== Dataset extract ==
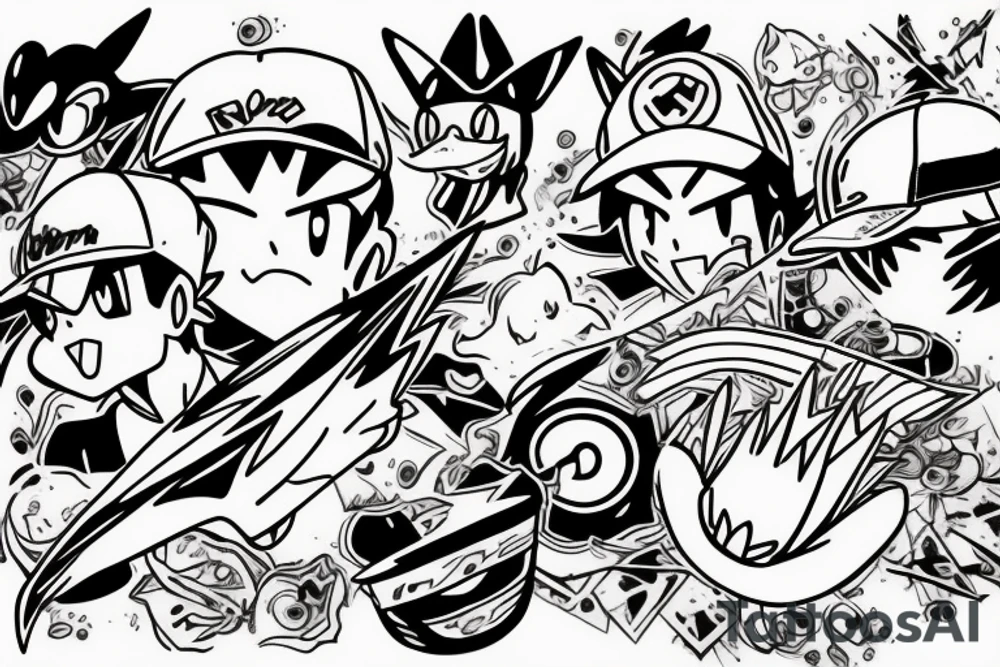 Ash Ketchum tattoo idea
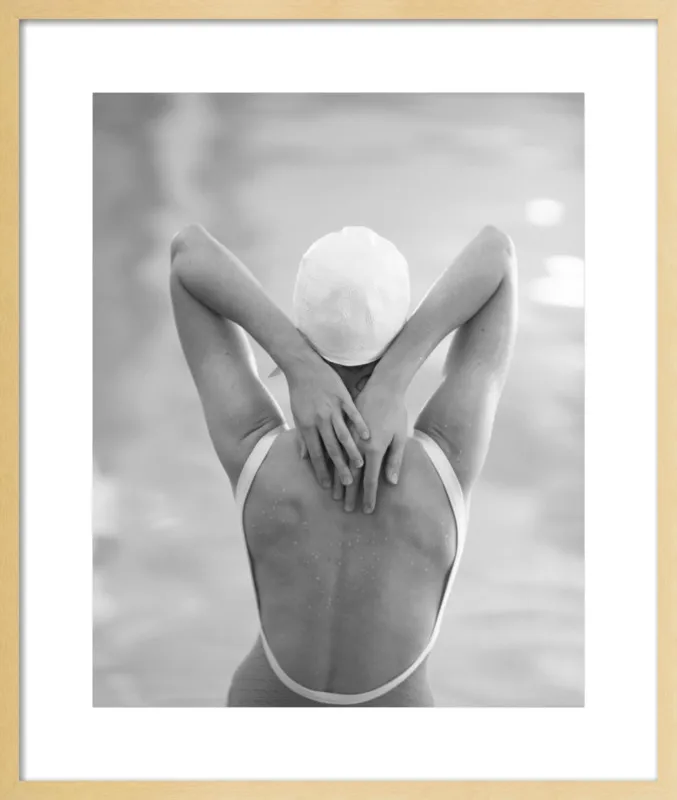 The Swimmer with a white  cap by Lucy Snowe for Artfully Walls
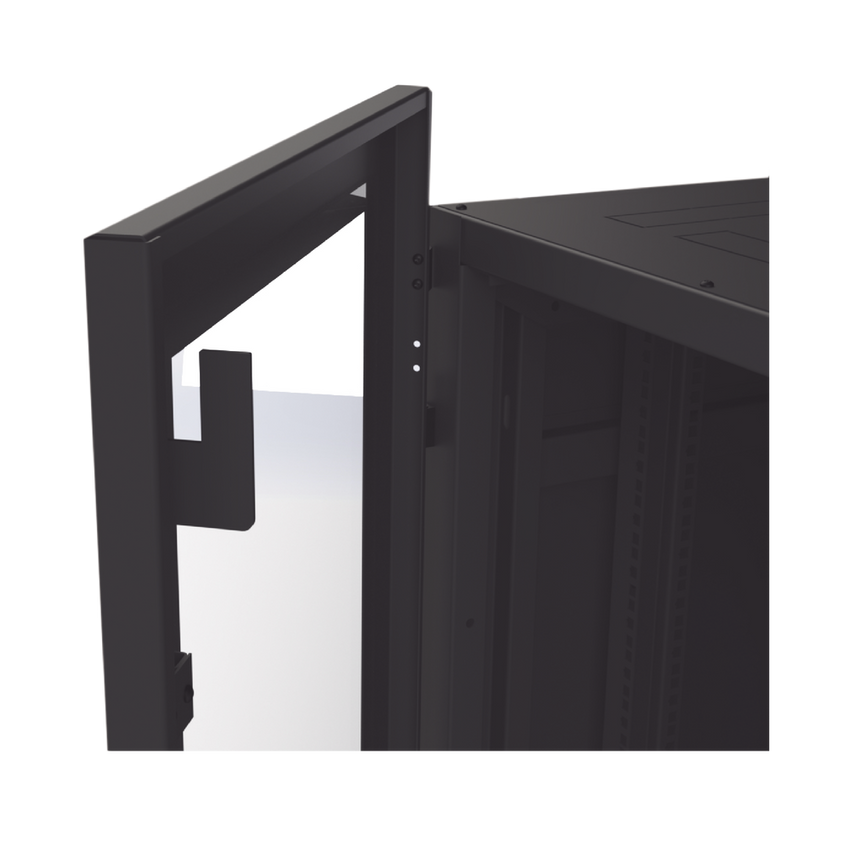 Gabinete para Telecomunicaciones Rack Estándar de 19", 42UR, 600 mm Ancho x 1000 mm Profundidad. Fabricado en Acero, Se envía el Gabinete Armado.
===
With the pictures left out, output exactly the lines from the one with "The Swimmer with" through the end of the listing above, both ends included.

Result for this task
 The Swimmer with a white  cap by Lucy Snowe for Artfully Walls
 Gabinete para Telecomunicaciones Rack Estándar de 19", 42UR, 600 mm Ancho x 1000 mm Profundidad. Fabricado en Acero, Se envía el Gabinete Armado.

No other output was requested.